Still solving string injection: first impressions of Kaminsky’s Interpolique

This past week Dan Kaminsky announced Interpolique, a technology for dealing with string injection problems in web applications. The basic idea is pretty sharp: instead of writing (say) PHP code like

$conn->query('insert into posts values($_POST[author] , $_POST[content] );');

we write

$conn->query(eval(b('insert into posts values(^^_POST[author] , ^^_POST[content] );')));

The b function is provided by interpolique. It essentially translates the input string into some PHP code (which is then reified using eval) that base64 encodes the user-input and wraps that encoding up in a call to the MySQL function for base64 decoding.

The idea is that the resulting query is given to MySQL in a format where the user input is base64 encoded. As Dan points out, there aren’t any known injection techniques that can escape the MySQL base64 decoder, and the decoder won’t try to evaluate the resulting string as a SQL expression, so no injection is possible.

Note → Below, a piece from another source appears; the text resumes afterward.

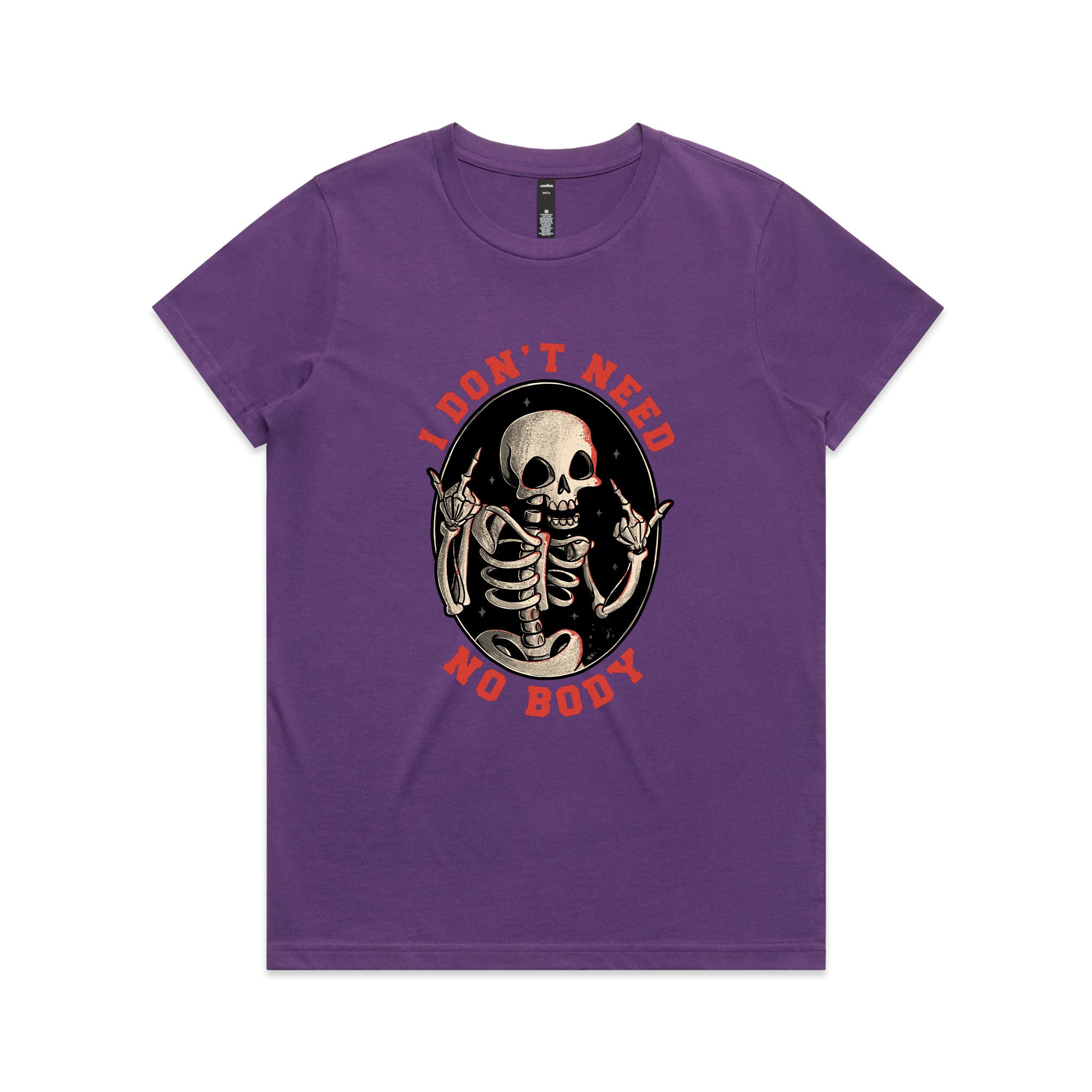 Don't Need No Body Tee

I have mixed feelings about this approach. On the one hand, it’s really just another form of escaping (instead of inserting a bunch of \‘s into the string, we’re base64 encoding it), and escaping is an error-prone thing. After all, there’s nothing preventing a tired developer from accidentally mixing some $ in with their ^^, nor could there be — if the developer writes $ instead of ^^, PHP will interpolate the string before passing it off to the b function, so no run-time check will be able to save the day.

(I’m not elated about the use of eval, but (a) I see no way around it if the plan is to use a syntactic approach, as is currently the case, and (b) the only vector I can see for attacking it requires a programmer to leave out the call to b, which is something they’d likely catch during development unless they also used $ instead of ^^, and that double-accident seems unlikely, barring a stupid refactoring snafu.)

On the other hand, if this technique is applied correctly, it seems likely to be robust (peer review should weigh in on this pretty quickly).

When I look at interpolique, I see the next generation of escaping: if you forget to do it you’re screwed, but if you do it correctly you’re safe. interpolique’s contribution is that its style of escaping is much simpler than trying to scan strings for dangerous characters, hence less likely to contain silly errors and edge cases, and that it is cross-language ready, in that base64 encoding isn’t target-language-specific (unlike escaping, which certainly is).

interpolique does not improve upon escaping biggest failure, though: if you’ve got 50,000 lines of PHP, the only way to know that interpolique (or escaping) is being used throughout is to look through the code. This is a PHP shortcoming, of course. We could certainly produce some static analysis tool to check for this design pattern, but then again, if writing tools that understand strings in PHP were easy we wouldn’t have the code injection mess in the first place.

Future direction

interpolique does provide a novel improvement for how to move data across the language barrier. This makes the core idea useful even in situations where programmers aren’t using PHP (or other half-brained-but-common-anyway languages).

In the long term, however, we still need to address the fact that we’re abusing the String type. User-input should be its own distinct type. The fact that this isn’t the case in .Net and Java completely explains why those type-safe languages don’t fare any better than PHP in terms of code injection.

Following the interpolique idea, the only function from UserString to String could be a base64 encoder. Languages could provide syntactic sugar to allow things like

$conn->query('insert into posts values($_POST[author] , $_POST[content] );');

to implicitly denote the interpolique style, thereby preserving type-safety (in this case, separation of user-input from SQL code) without compromising string interpolation style.

(Of course, both of these ideas are already possible in Haskell using algebraic data types and Template Haskell, but this is of little comfort to the vast majority of programmers since (a) most haven’t heard of Haskell and (b) Haskell is still in its web-development-language infancy.)

Moving forward I am interested in seeing whether interpolique passes peer review (probably will), becomes a common practice and reduces the incidence of code injection. Regardless of how these questions fare, the core idea is elegant, doesn’t seem to have a performance penalty, and can likely be carried forward fruitfully in future technologies.